▸ **EXERCISE DATA**:
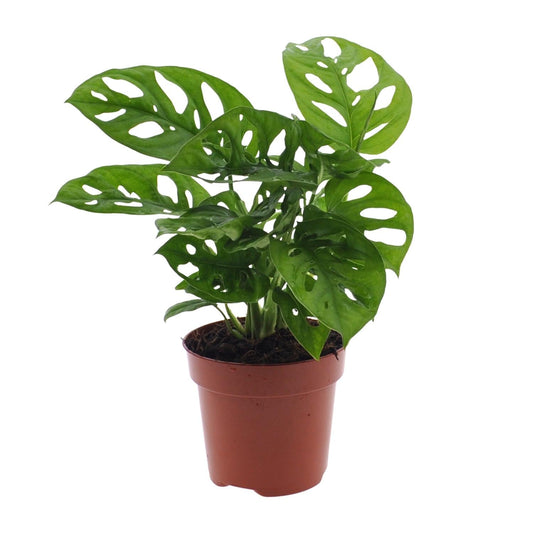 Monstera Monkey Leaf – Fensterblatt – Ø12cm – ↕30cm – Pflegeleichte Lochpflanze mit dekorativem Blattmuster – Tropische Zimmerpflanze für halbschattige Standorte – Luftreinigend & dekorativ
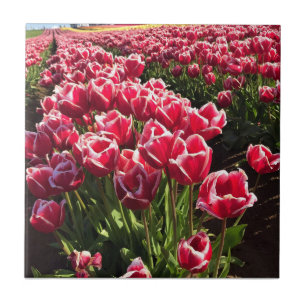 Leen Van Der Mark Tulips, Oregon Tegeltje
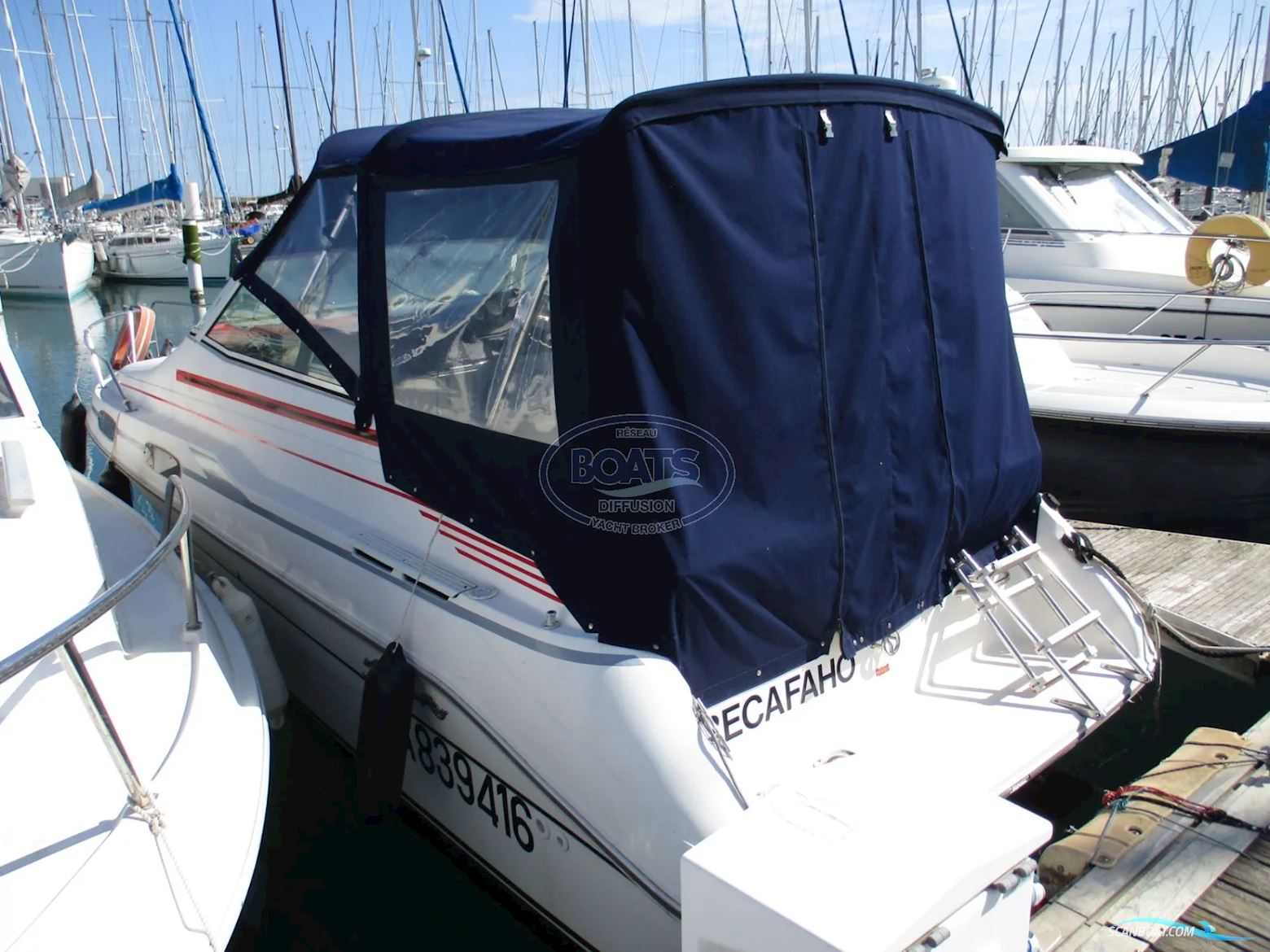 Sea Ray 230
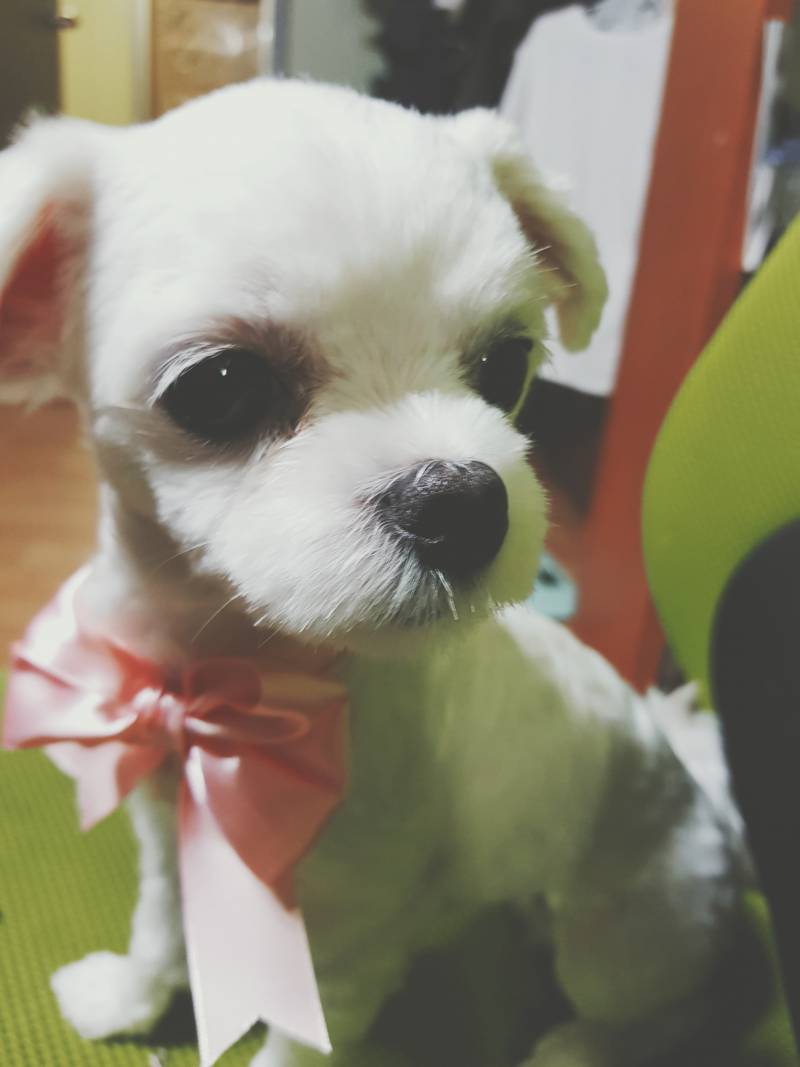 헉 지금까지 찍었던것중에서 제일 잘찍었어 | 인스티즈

---

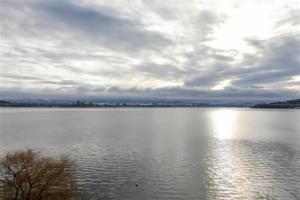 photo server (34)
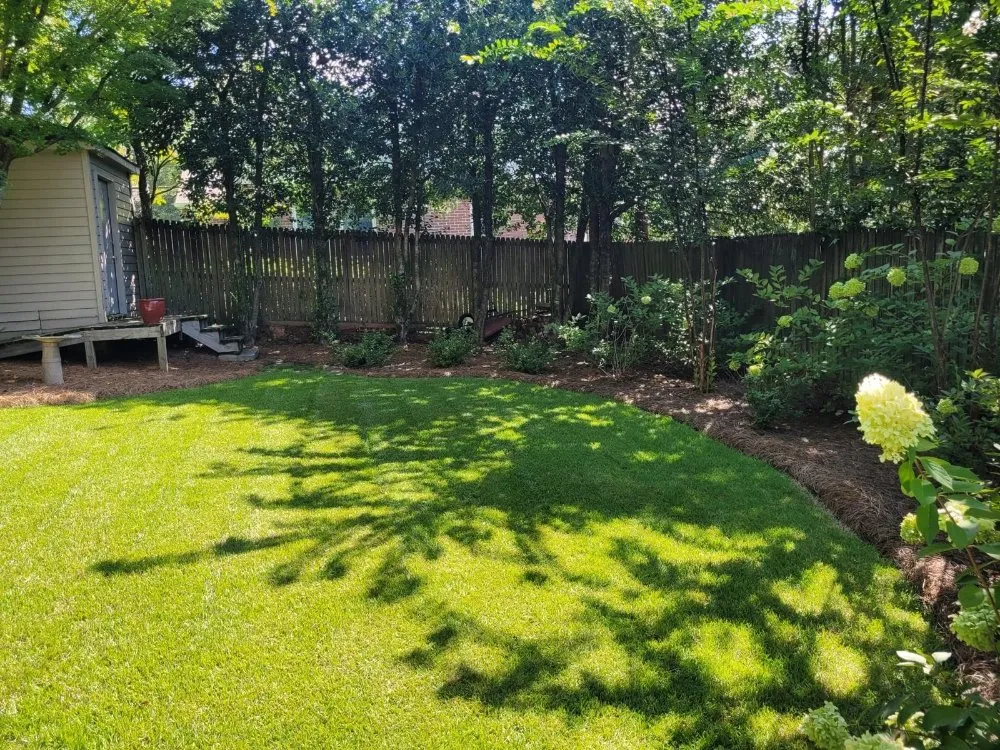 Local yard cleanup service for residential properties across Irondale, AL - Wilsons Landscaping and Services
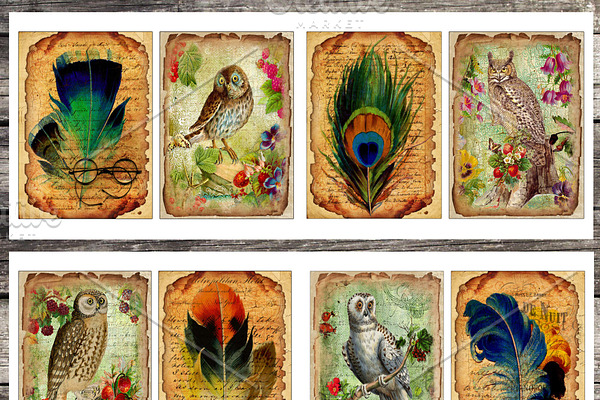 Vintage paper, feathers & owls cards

--

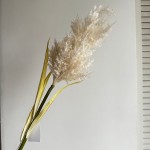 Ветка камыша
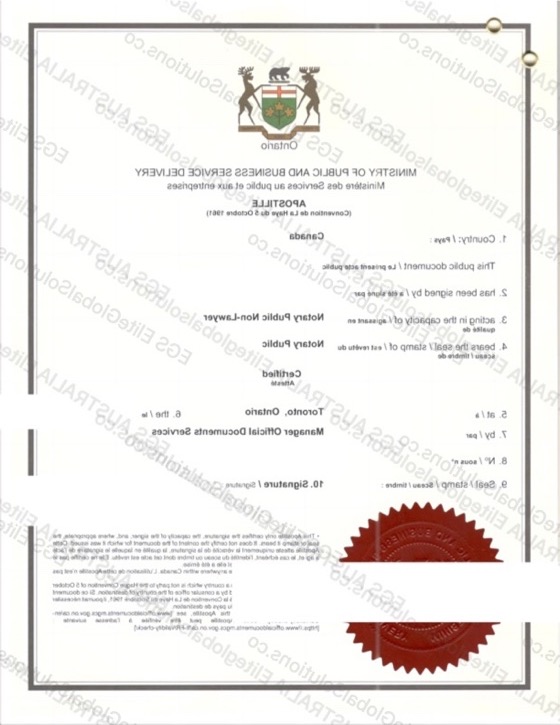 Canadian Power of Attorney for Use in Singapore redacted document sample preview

▸ **EXERCISE DESCRIPTION**: Copy the listing above exactly, but only from the line with "Local yard cleanup" through the line with "Vintage paper, feathers & owls cards", including those two lines and excluding any picture.

▸ **EXERCISE RESPONSE**:
 Local yard cleanup service for residential properties across Irondale, AL - Wilsons Landscaping and Services
 Vintage paper, feathers & owls cards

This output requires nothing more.